Container-based Virtualization (lxc)

Container based virtualization is very fast and efficient. It's based on the premise that an OS kernel provides different views of the system to different running processes. This sort of segregation or compartmentalisation (sometimes called "thick sandboxing") can be useful for ensuring guaranteed access to hardware resources such as CPU and IO bandwidth, whilst maintaining security and efficiency.

On the unix family of operating systems, it is said that container based virtualization has its roots in the 1982 release of the chroot tool, a filesystem subsystem specific container-based virtualization tool that was written by Sun Microsystems founder Bill Joy and published as part of 4.2BSD.

Since this early tool, which has become a mainstay of the unix world, a large number of unix developers have worked to mature more powerful container based virtualization solutions. Some examples:

  • Solaris Zones
  • FreeBSD Jails
  • Linux VServer
  • OpenVZ

On Linux, historically the major two techniques have been Linux-VServer (open source / community driven) and OpenVZ (a free spinoff of a commercial product).

However, neither of these will be accepted in to the Linux kernel.
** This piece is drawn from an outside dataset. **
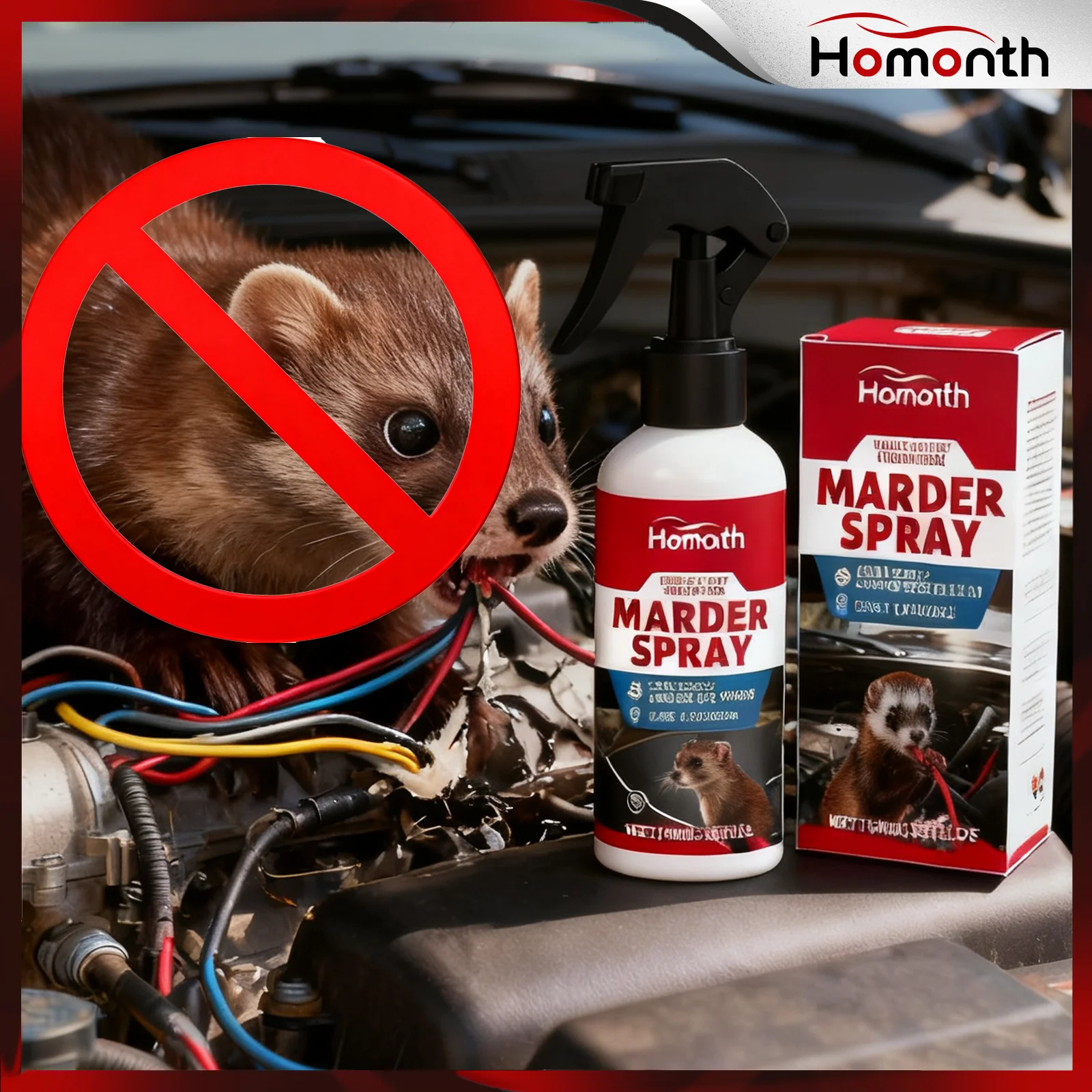 Leistungsstarkes Nerz-Abschreckungsspray, 100-ml-Flasche, natürlicher Minz-Duftvertreiber für den Fahrzeuglagerbereich, Gartenschutz, langlebig Image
Instead Linus has opted for a more flexible, longer-term approach to achieving similar goals, using various new kernel features. lxc is the next-generation container-based virtualization solution that uses these new features.

Conceptually, lxc can be seen as a further development of the existing 'chroot' technique with extra dimensions added. Where 'chroot'-ing only offers isolation at the file system level, lxc offers complete logical isolation from a container to the host and all other containers. In fact, installing a new Gentoo container from scratch is pretty much the same as for any normal Gentoo installation.
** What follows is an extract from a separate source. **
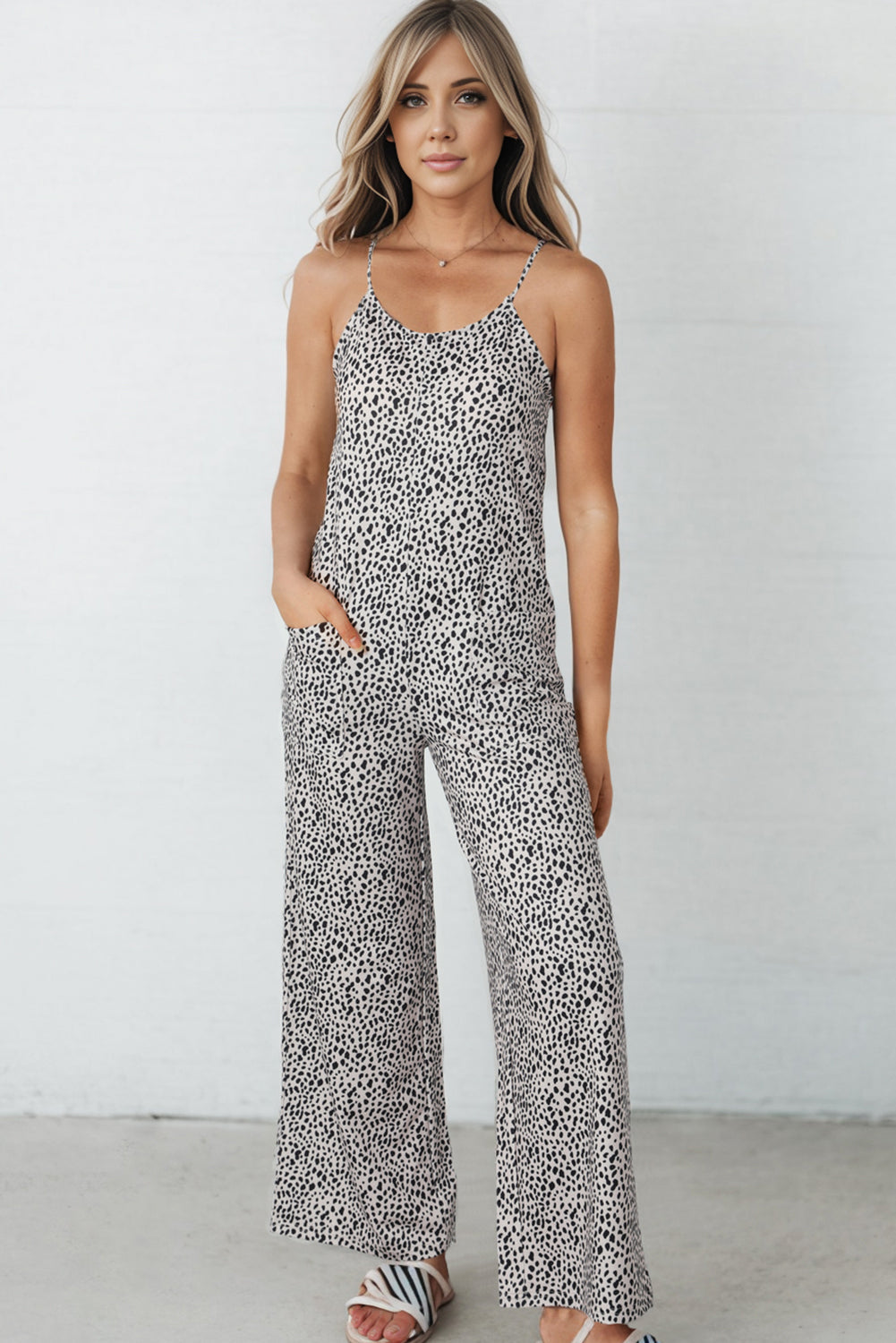 Printed Spaghetti Strap Jumpsuit with Pockets Print on any thing USA/STOD clothes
Some of the most notably differences are:

  • each container will share the kernel with the host (and other containers). No kernel need to be present and/or mounted on the containers /boot directory;
  • devices and filesystem will be (more or less) 'inherited' from the host, and need not be configured as would apply for a normal installation;
  • if the host is using the OpenRC system for bootstrapping, such configuration items will "automagically" be omitted (i.e. filesystem mounts from fstab).

The last point is important to keep lxc based installation as much as simple and the same as for normal installations (no exceptions).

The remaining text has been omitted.